In its statement of findings and intent, the legislature affirmed that “when employers base compensation decisions on compensation history of a prospective employee, it directly perpetuates [ ] wage inequality.”1 Consistent with this articulated policy, L.D. 278 provides that an employer may not “use or inquire about” a prospective employee’s compensation history unless the employer has already provided an offer of employment that includes “all terms of compensation.” This prohibition likewise prevents an employer from soliciting a prospective employee’s salary history from his or her current or former employer.
An exception to this ban exists for employers obligated to inquire about a prospective employee’s compensation history consistent with state or federal law requiring “the disclosure or verification of compensation information.”
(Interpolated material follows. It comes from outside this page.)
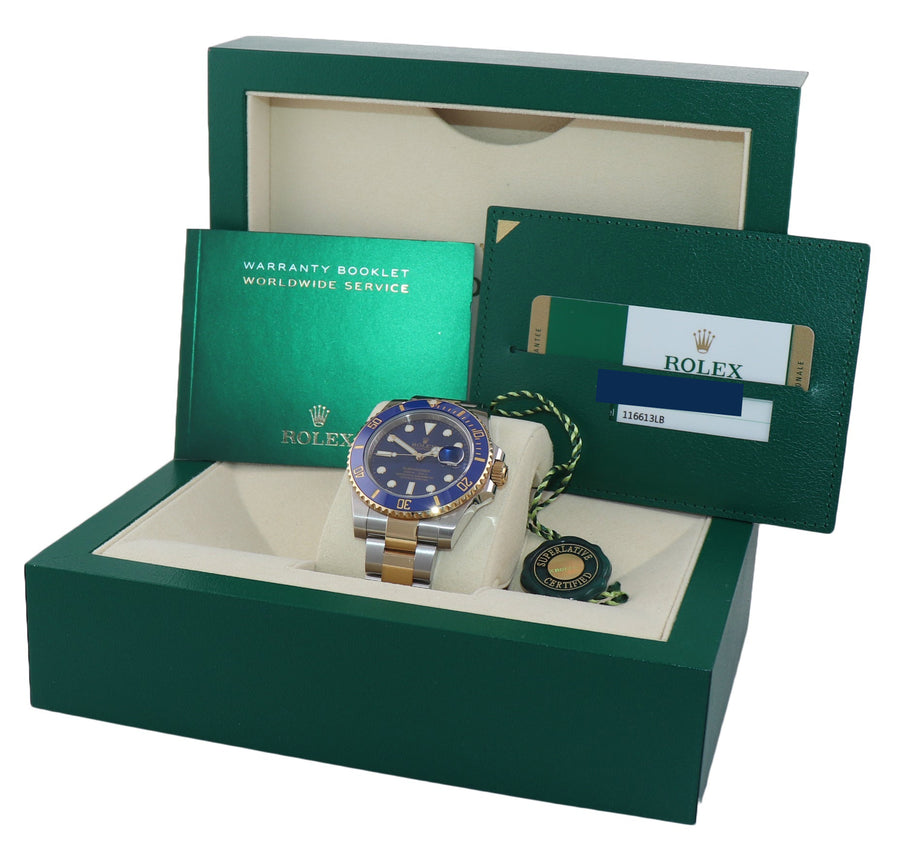 2015 MINT BOX PAPERS Rolex Submariner Blue Ceramic 116613 Two Tone Gold Watch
L.D. 278 further amends the Maine Human Rights Act (“the Act”) to expressly provide that evidence of unlawful employment discrimination includes an employer’s effort to directly, or indirectly, seek compensation information from a prospective employee before an offer of employment has been made. If an employee or prospective employee “voluntarily” discloses his or her compensation history “without prompting by the employer,” the employer may seek to confirm the information before it provides an offer. L.D. 278 also broadens the existing wage transparency protections in Maine’s equal pay statute to prohibit an employer from preventing employees from discussing, or disclosing, other employees’ wages.
While L.D. 278 may seem straightforward at first glance, the statutory text leaves open some questions concerning the “voluntary disclosure” exception to the salary history inquiry ban.2 For example, the exception applies to employees, as well as prospective employees, who voluntarily disclose wage history information. But the statute’s protections otherwise apply only to prospective employees, and L.D. 278 does not explain the inclusion of “employees” in this section. In addition, the voluntary disclosure provision does not appear in the same section as the other exception identified (i.e., the exception for inquiries needed to comply with state or federal law). Instead, it appears in the amendment to the Act concerning evidence of unlawful discrimination. Employers intending to rely on this exception may wish to consider proceeding cautiously in light of these ambiguities.
An employer that violates the statute may face a penalty between $100 and $500 per violation. The employer may also be subject to civil litigation brought by the affected employee or Maine’s Department of Labor.
The law takes effect on September 17, 2019. In the interim, New England employers should review existing job posting and hiring documentation to ensure salary history information is not solicited from applicants unless a statutory exception applies. Employers likewise should train hiring managers and recruiters to ensure they are aware of the statute’s prohibitions.